TASK STATEMENT: The entries that follow should be reproduced exactly, with no images carried over.
━━━
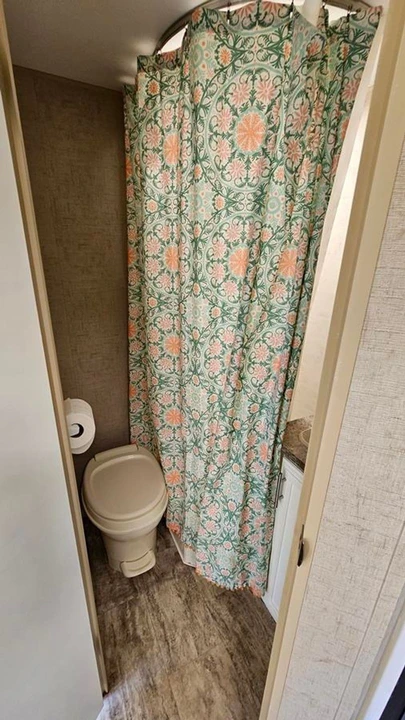 2018 - Image 17 of 21
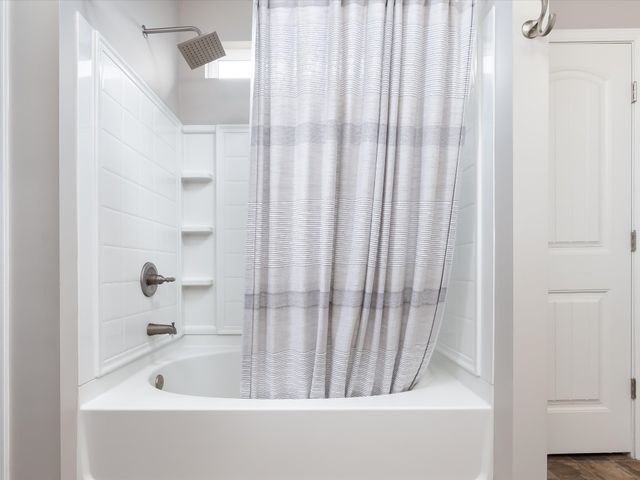 1804 Marcia Ct, Columbia, TN 38401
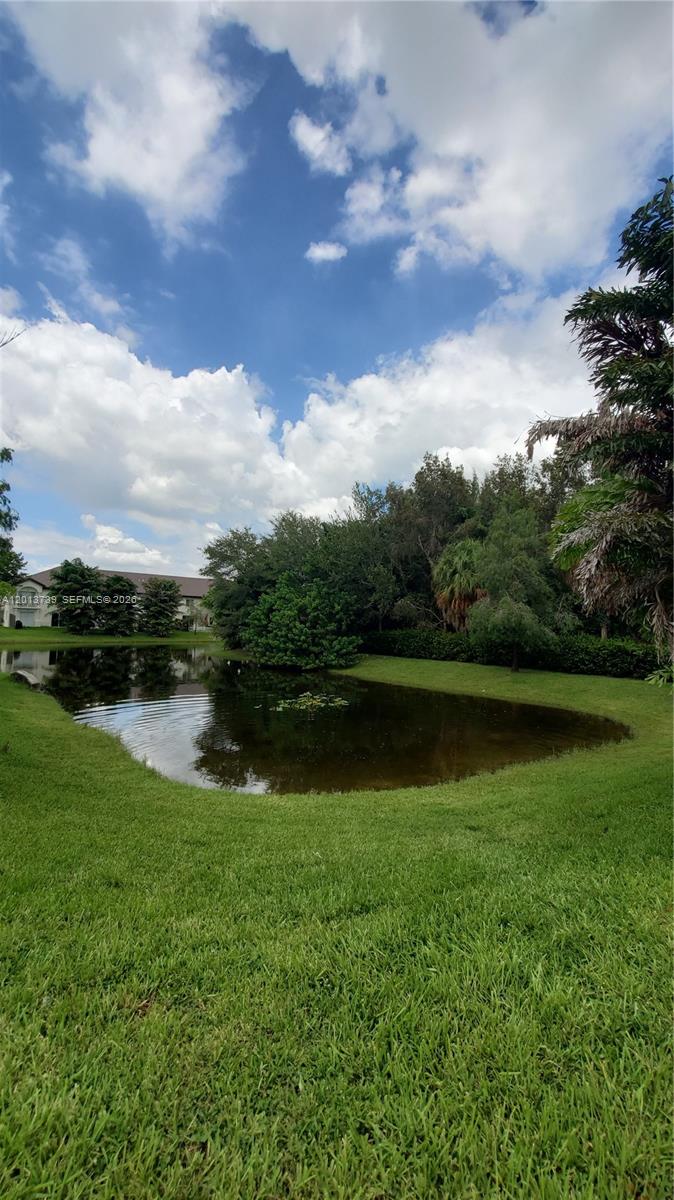 IBIS VILLAS AT DORAL COND - Residential Lease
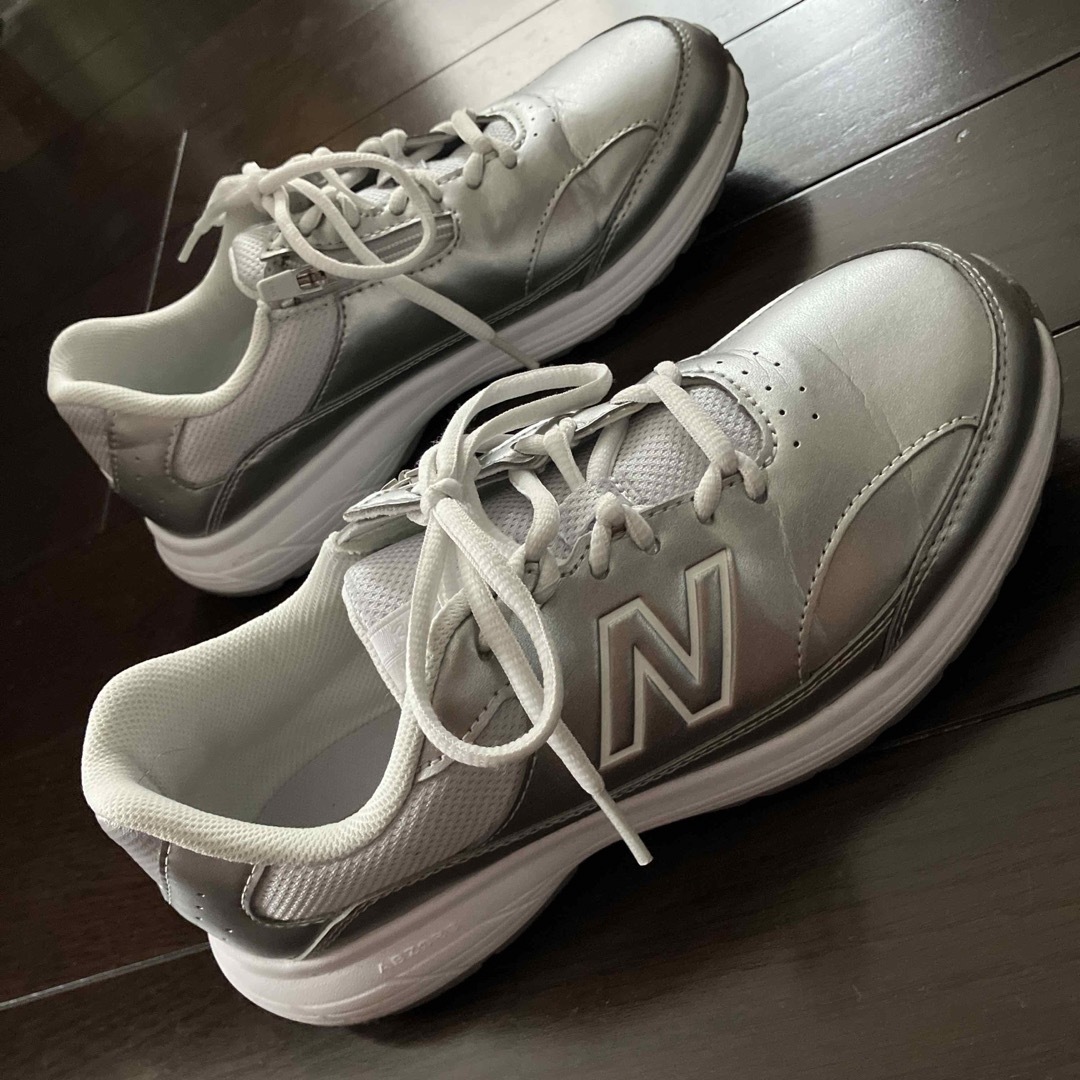 New Balance(ニューバランス)のニューバランスシルバースニーカー24.5センチ レディースの靴/シューズ(スニーカー)の商品写真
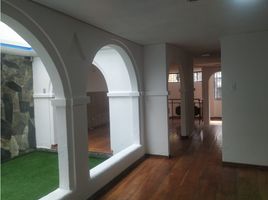 4 Habitación Villa en alquiler en Ecuador, Quito, Quito, Pichincha, Ecuador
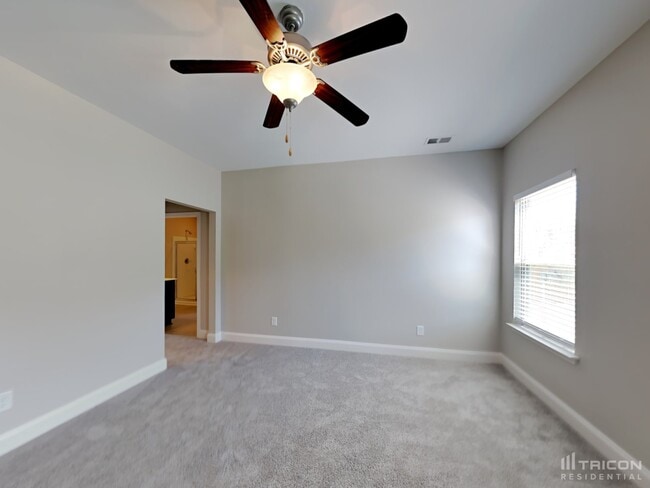 Building Photo - 172 Telavera Dr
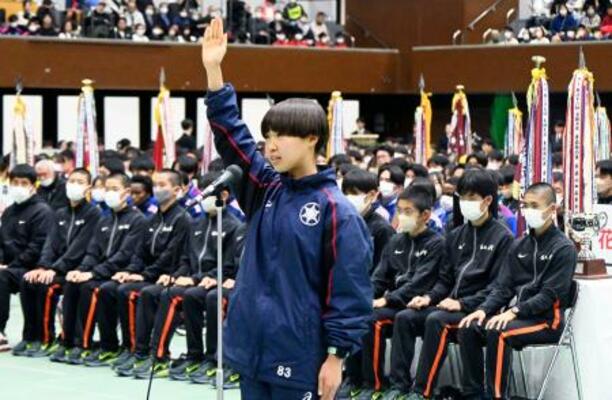 全国高校駅伝の開会式で選手宣誓する長野東・田畑陽菜主将=20日、京都市体育館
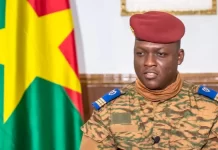 Burkina Faso : les autorités militaires ordonnent la dissolution de 205 associations
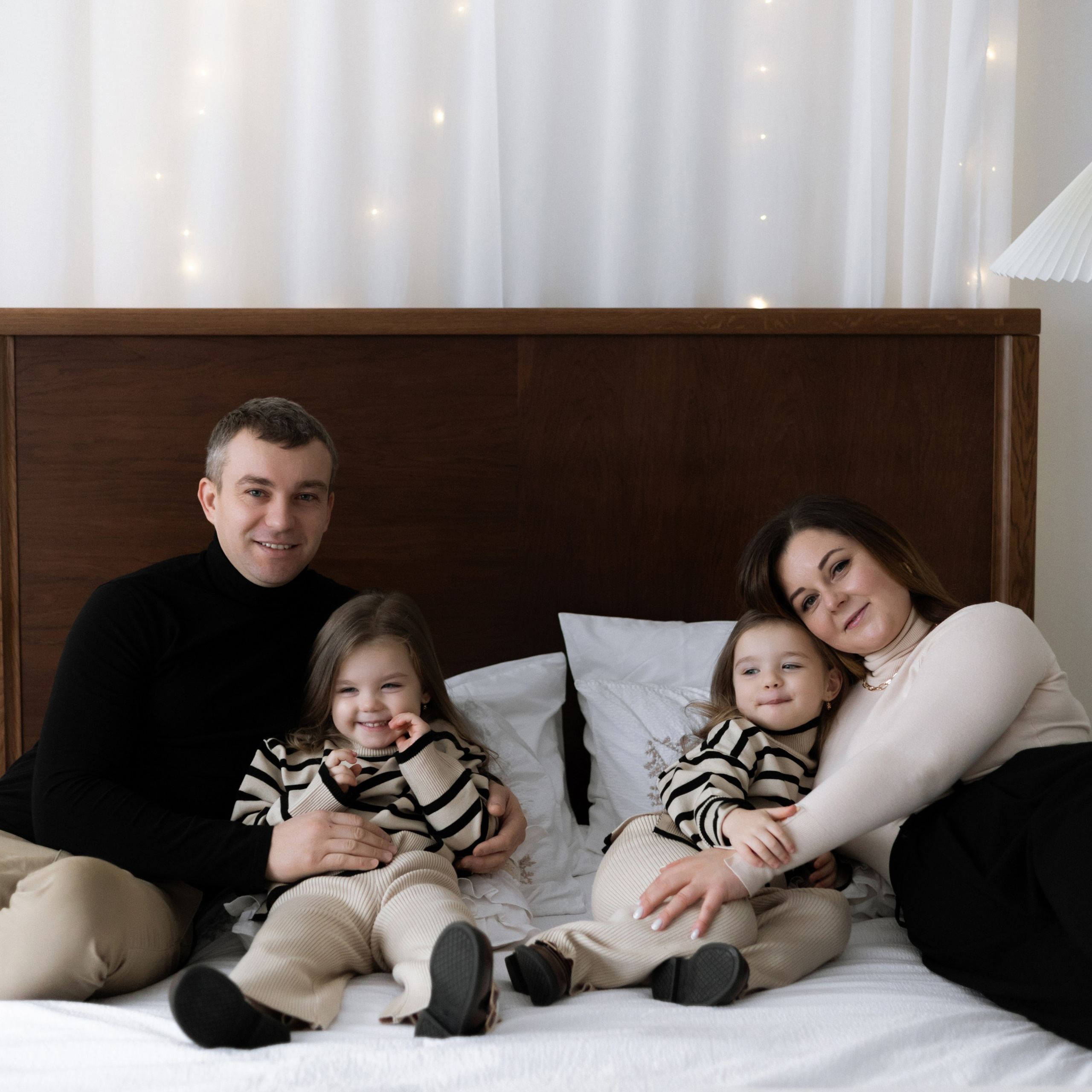 Фотосессия с маленькими деться в студии Москва. Свадебный фотограф Москва Москвовская область Санкт-Петербург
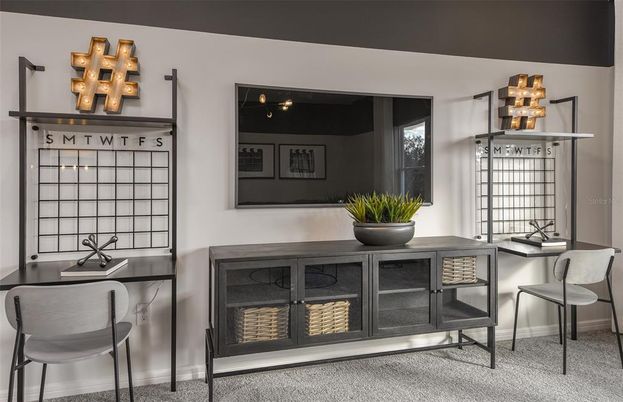 Home Office, Interior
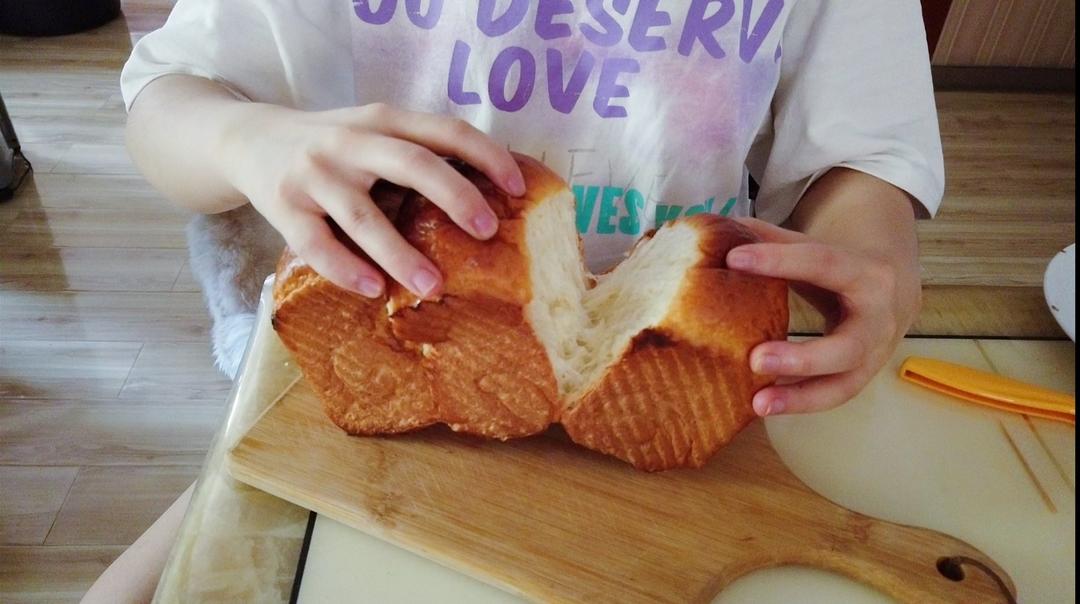 和云朵一样柔软的北海道牛奶吐司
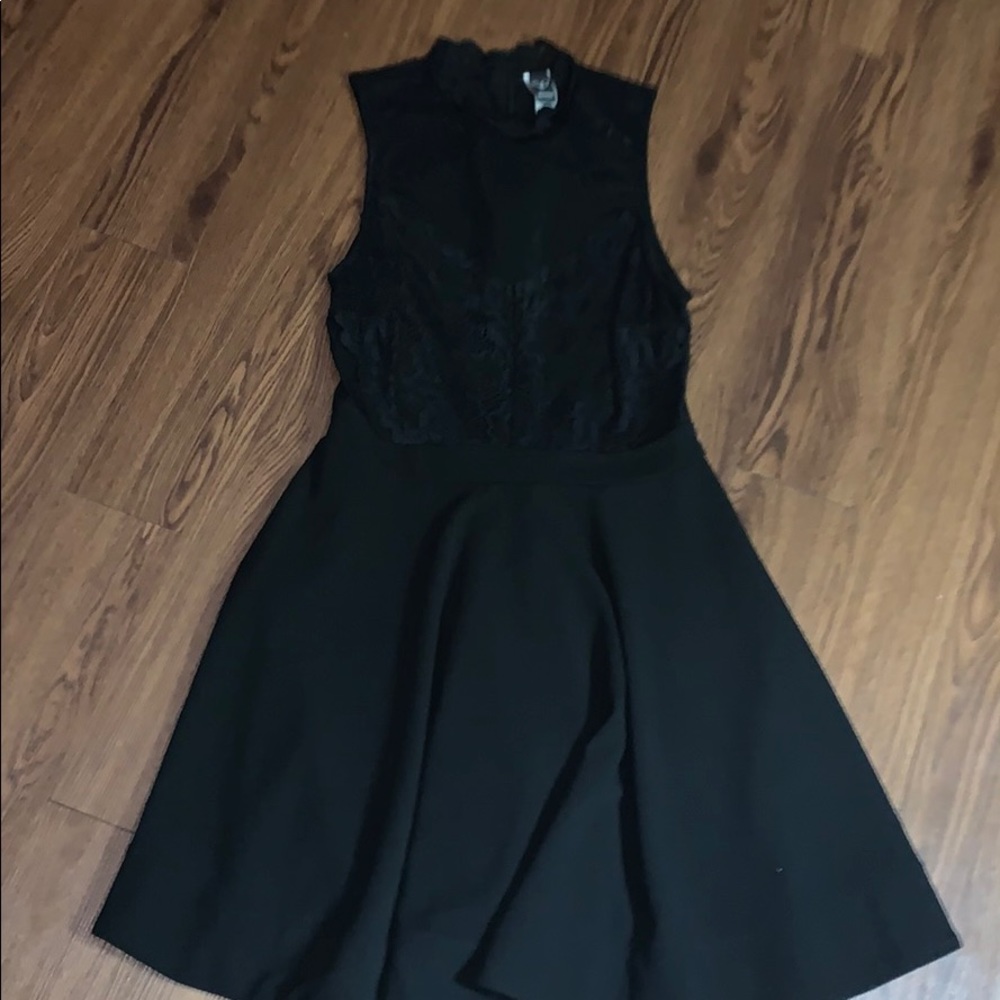 beautiful lace skater zip dress - windsor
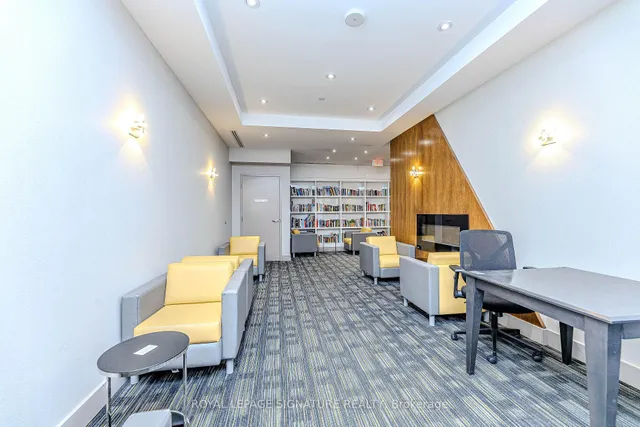 Additional image 9 of 55 Eglinton Ave Unit 408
━━━
TASK RESPONSE:
 2018 - Image 17 of 21
 1804 Marcia Ct, Columbia, TN 38401
 IBIS VILLAS AT DORAL COND - Residential Lease
 New Balance(ニューバランス)のニューバランスシルバースニーカー24.5センチ レディースの靴/シューズ(スニーカー)の商品写真
 4 Habitación Villa en alquiler en Ecuador, Quito, Quito, Pichincha, Ecuador
 Building Photo - 172 Telavera Dr
 全国高校駅伝の開会式で選手宣誓する長野東・田畑陽菜主将=20日、京都市体育館
 Burkina Faso : les autorités militaires ordonnent la dissolution de 205 associations
 Фотосессия с маленькими деться в студии Москва. Свадебный фотограф Москва Москвовская область Санкт-Петербург
 Home Office, Interior
 和云朵一样柔软的北海道牛奶吐司
 beautiful lace skater zip dress - windsor
 Additional image 9 of 55 Eglinton Ave Unit 408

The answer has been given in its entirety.